■ Work instruction ■
Copy verbatim the span of lines beginning at the line that contains "In modern cloud" and ending with the final line of the data. Exclude pictures from the copy.

■ Stored data ■
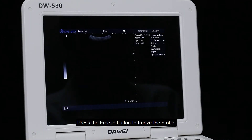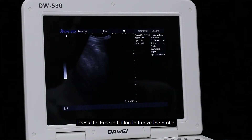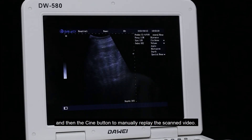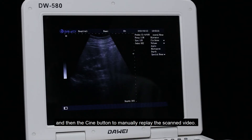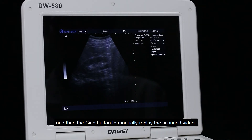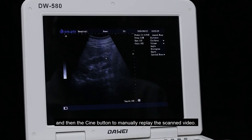Press the freeze button to freeze the probe, and then press the cine button to manually replay the scanned video.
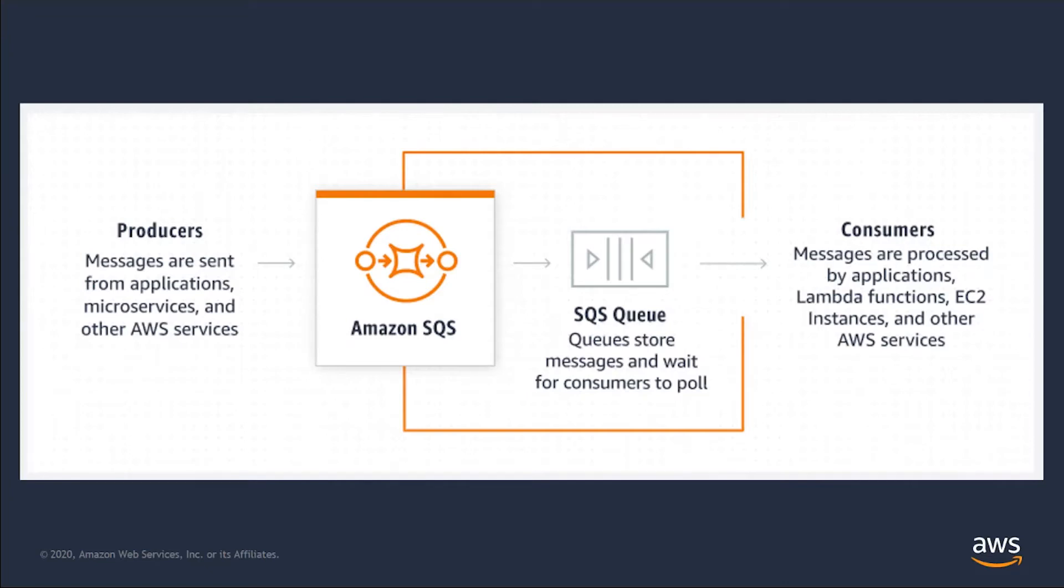In modern cloud architecture, applications are decoupled into smaller, independent building blocks that are easier to develop, deploy, and maintain. Amazon SQS provides communication and coordination for these distributed applications. SQS can also significantly simplify coding of decoupled applications while improving performance, reliability, and scalability.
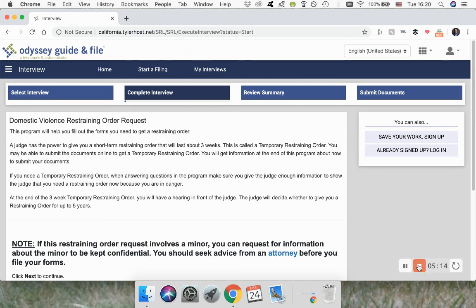We hope that you found this short video helpful. If you're going to be filing your case in Mendocino County, feel free to email us at selfhelp@mendocino.courts.ca.gov so that we can help you figure out the program and get your paperwork in order. Your county should also have a self-help center, and you can find their information, location, and hours at their website. Thank you — I'll see you next time.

■ Your solution ■
In modern cloud architecture, applications are decoupled into smaller, independent building blocks that are easier to develop, deploy, and maintain. Amazon SQS provides communication and coordination for these distributed applications. SQS can also significantly simplify coding of decoupled applications while improving performance, reliability, and scalability.
We hope that you found this short video helpful. If you're going to be filing your case in Mendocino County, feel free to email us at selfhelp@mendocino.courts.ca.gov so that we can help you figure out the program and get your paperwork in order. Your county should also have a self-help center, and you can find their information, location, and hours at their website. Thank you — I'll see you next time.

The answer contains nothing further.